We recommended two Master Limited Partnerships "MLPs", Calumet Specialty Products Partners, LP (NASDAQ:CLMT) and Tesoro Logistics, LP (NYSE:TLLP) on August 15th. Both MLPs have lifted in a weak equity market--CLMT from 29.68 to 30.45 and TLLP from 52.28 to 53.20 from their August 14th to their August 27th close or 2.59% and 1.76%, respectively. We are reiterating our positive view on these two MLPs.
The fundamentals for Calumet now are stronger than when we made the case two weeks ago. The Brent to WTI spread has widened out from nil to $6/barrel, and this will help operating margins for their slate of refined products. Additionally, the burden of the EPA mandated purchase of RINs (Renewable Identification Numbers), which equates to a waiver to purchase a gallon of ethanol, has eased. The last year witnessed RIN prices soaring from two cents to over $1.4, and this mandate cost CLMT about $15 million in the second quarter. RIN prices have recently declined to about $0.70 and industry chatter suggests possible EPA relief from this costly environmental fee.

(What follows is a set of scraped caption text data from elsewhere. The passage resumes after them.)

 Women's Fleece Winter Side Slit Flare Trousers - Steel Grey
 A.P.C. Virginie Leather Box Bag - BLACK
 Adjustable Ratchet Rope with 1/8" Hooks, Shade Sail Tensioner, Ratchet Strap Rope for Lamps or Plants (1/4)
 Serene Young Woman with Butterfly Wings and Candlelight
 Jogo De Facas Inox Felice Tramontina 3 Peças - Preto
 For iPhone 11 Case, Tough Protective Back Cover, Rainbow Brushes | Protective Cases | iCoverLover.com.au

The largest factor hurting last quarter's earnings was the outage of the Superior Wisconsin refinery and it is not impacting the current quarter as was expected.
The key takeaway is that the widening of the WTI to Brent spread and the decline in RIN prices are improving operating prospects for the quarter and longer term operating prospects since we first published on Calumet. Additionally, the high yield of 8.84% should offer exceptional compensation while we wait for the earnings to rebound in the quarters ahead. Since MLP distributions offer a tax advantaged return of capital-about 80% tax deferred or effectively tax free in the current year-Calumet is an MLP we would continue to add to on weakness.

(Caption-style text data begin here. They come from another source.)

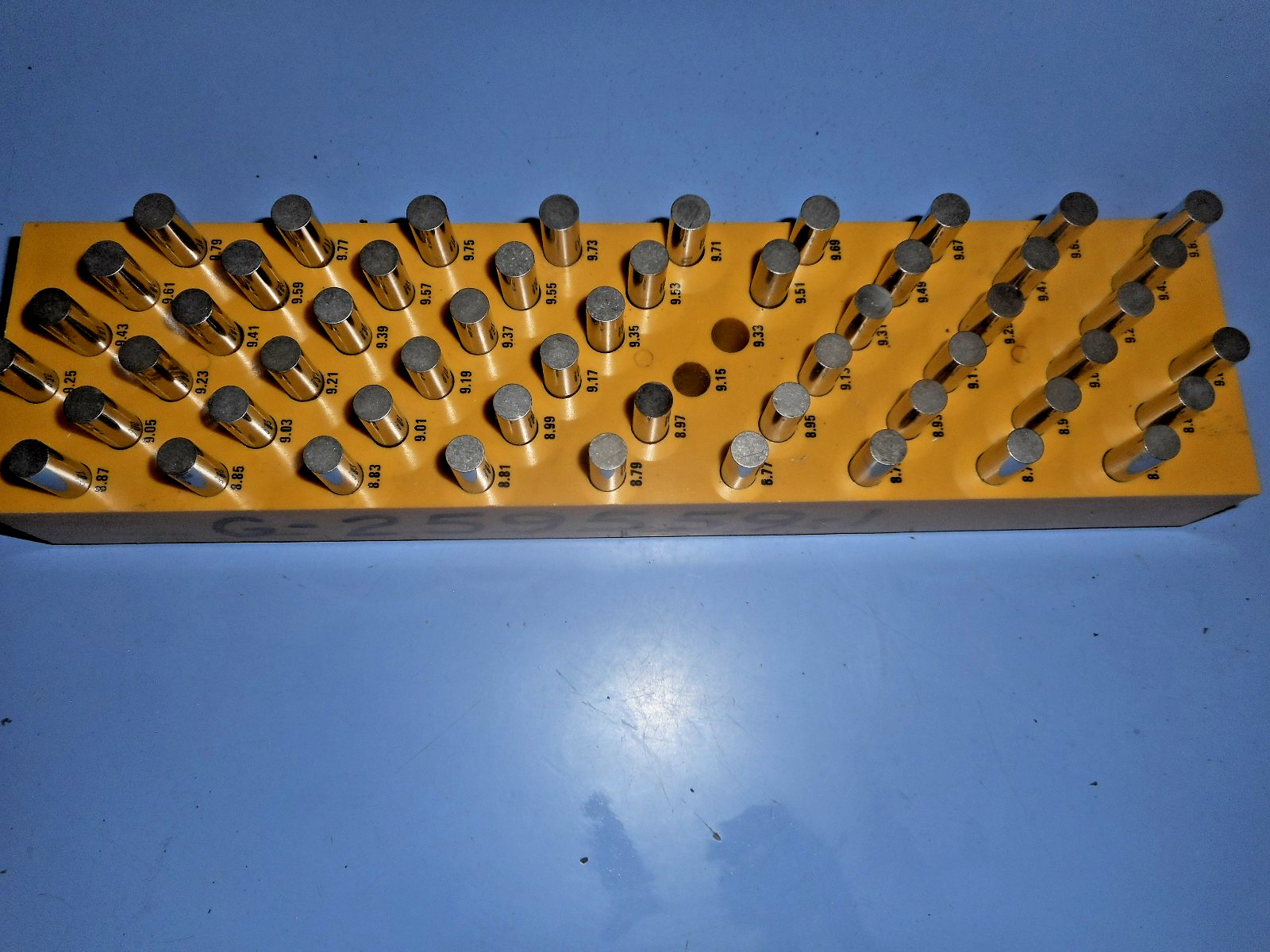 Metric Pin Gages * 8.71-9.79mm,0.02mm Steps ,Class ZZ Minus, (2) pins missing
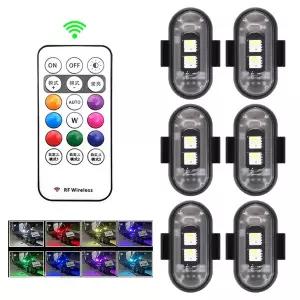 예초기 자동차 바이크 오토바이 RGB LED 스트로브 조명 8 색 플래시 위치 무선 항공기 비행기 헬리콥터 경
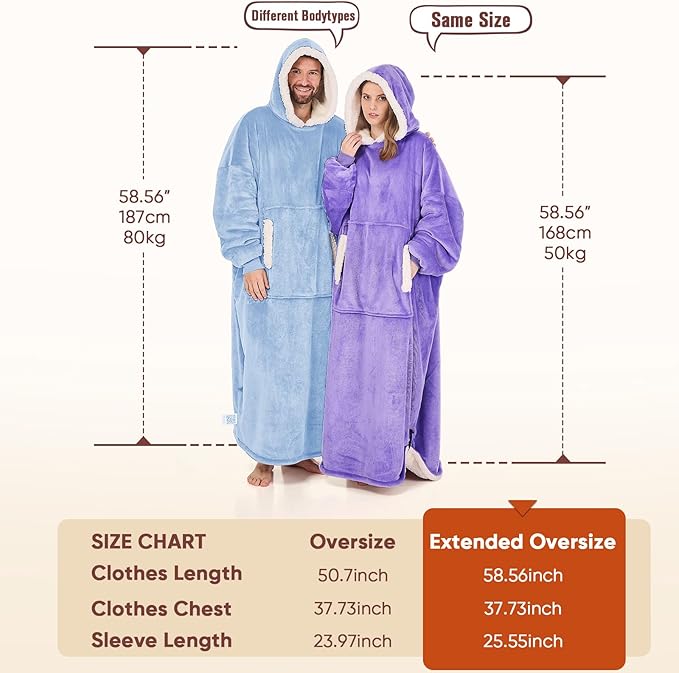 yescool Wearable Blanket Hoodie, Flannel Sherpa Fleece Blanket Sweatshirt for Adults Women Men,One Size Fits All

While Tesoro Logistics has moved positively, it has not enjoyed the improvement in conditions which should lead to better operating metrics that Calumet should experience. We believe its weakness since its May high is because the company stock has seen competitive interest from other high quality logistics or fee based MLPs with strong refinery general partners such as Philips 66 Partners LP (NYSE:PSXP) ($31.10) and MPLX LP the MLP of Marathon Petroleum Corporation (NYSE:MPLX) ($34.80).

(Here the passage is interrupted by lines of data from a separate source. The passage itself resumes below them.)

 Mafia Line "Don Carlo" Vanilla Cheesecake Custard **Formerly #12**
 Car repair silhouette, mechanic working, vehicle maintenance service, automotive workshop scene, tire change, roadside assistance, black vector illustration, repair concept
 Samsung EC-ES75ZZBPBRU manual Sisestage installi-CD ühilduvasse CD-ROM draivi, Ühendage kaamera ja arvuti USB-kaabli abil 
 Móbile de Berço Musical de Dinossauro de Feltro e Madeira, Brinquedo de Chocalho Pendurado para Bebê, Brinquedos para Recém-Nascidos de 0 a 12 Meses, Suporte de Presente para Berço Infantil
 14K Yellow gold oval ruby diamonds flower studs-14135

The Stock and Bond Market:
While prospects of a U.S. attack on Syria has led to weakness in the stock market it has also led to strength in the bond market with the Ten Year U.S. Treasury having rallied and experiencing a decline in yield from 2.90% to 2.71%. However, yesterday's weakness in housing data as reported in the Case Shiller Index, may suggest that the expected "taper" of the Federal Reserve's bond buying program may not be as assured as Fed watchers had previously believed. If the recent rise in rates from 1.6% to 2.9% is leading to a significant cooling in housing purchases, prospects for the Federal Reserve's highly anticipated "taper" may in fact be diminished or deferred, and this should be a positive for the bond market and MLPs by extension. MLPs are correlated with both the stock and bond market. The recent weeks' equity market weakness and bond market strength offer an opportunity to pick up MLPs on a pullback while their value proposition has improved due to strength in the bond market.
We remain ardent fans of MLPs whose underlying businesses on the whole are quite stable and whose distribution prospects are exceptionally attractive. We use weakness in MLPs, whenever it occurs, as an opportunity to add to positions. MLPs provide safe, predictable, growing and tax advantaged income streams that make them attractive alternatives to both stocks and bonds. We like to use sector or company specific opportunities to add to our MLP portfolios. In this note, we are highlighting company specific reasons to buy Calumet Specialty Products Partners, LP and Tesoro Logistics, LP while the MLP sector has seen weakness, but whose value proposition has improved due to a firming bond market. Over time investors in MLPs can build solid portfolios based on growing income streams from which they should be better able achieve their financial goals than through stocks or bonds.